**What the task requires**. Without adding anything, give again the lines from the one holding "京悅港式飲茶(中友店)： 京" through the final line of the records, exactly, with both ends included and pictures dropped.

**Records for the exercise**.

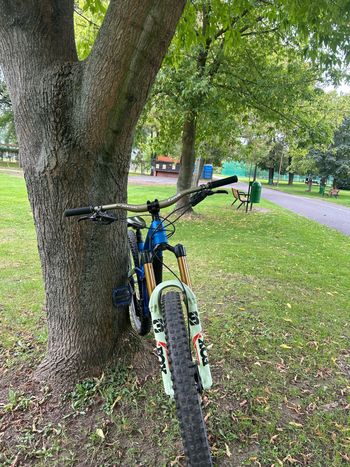 Used Trek Slash 9.8 GX 2022 2022 Mountainbike, Blue — image 3 of 6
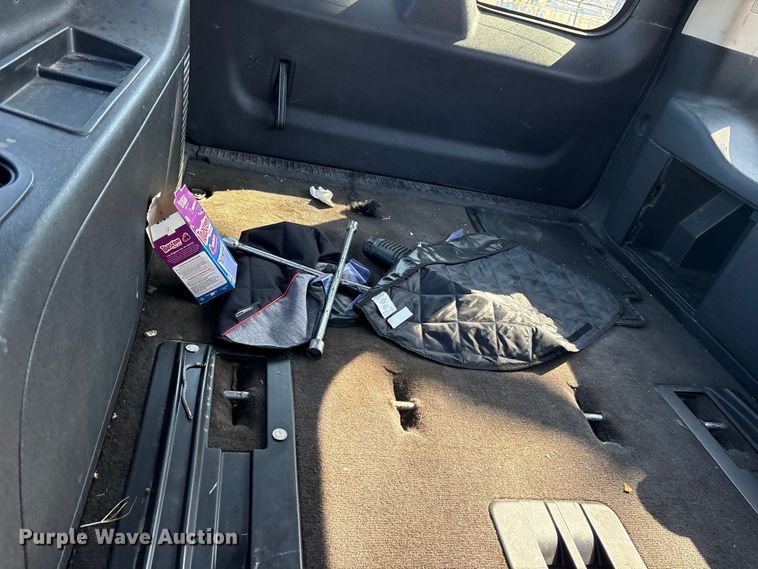 image for item FB8619 2012 Chevrolet Suburban SUV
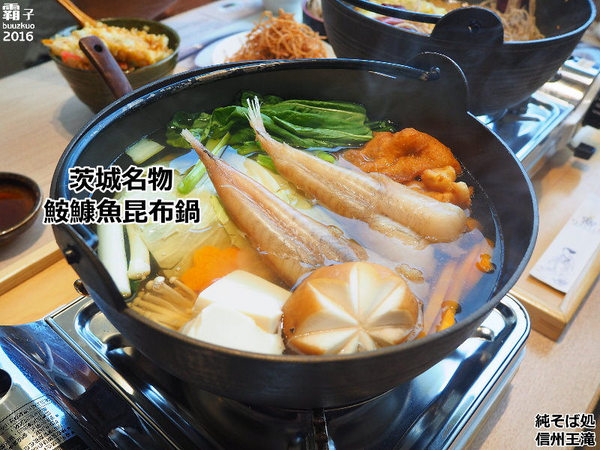 京悅港式飲茶(中友店)： 京悅港式飲茶，裝潢黑白時尚，還有點心車來回席次間送餐~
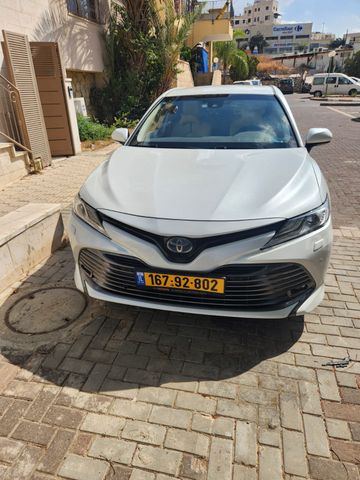 טויוטה קאמרי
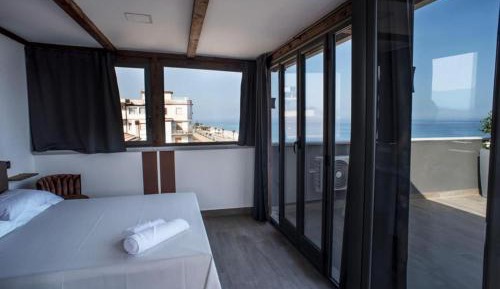 Double or Twin Room with Terrace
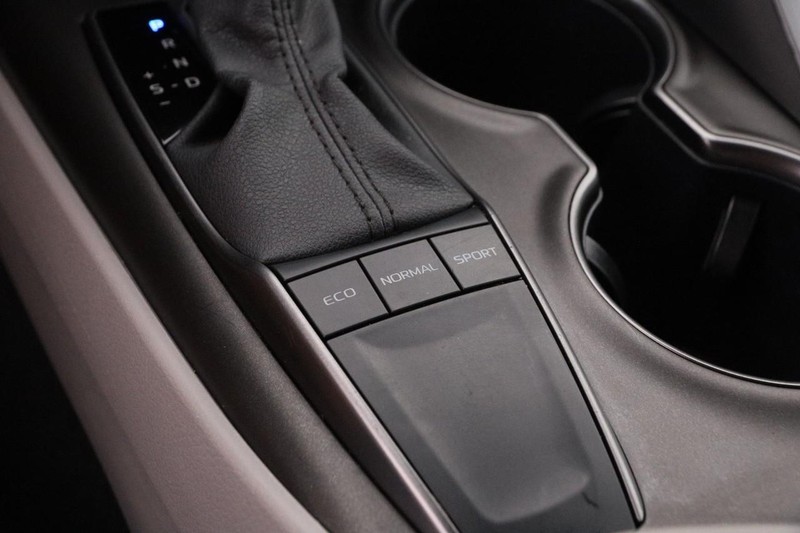 Toyota Camry Vehicle Image 17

**Output**.
 京悅港式飲茶(中友店)： 京悅港式飲茶，裝潢黑白時尚，還有點心車來回席次間送餐~
 טויוטה קאמרי
 Double or Twin Room with Terrace
 Toyota Camry Vehicle Image 17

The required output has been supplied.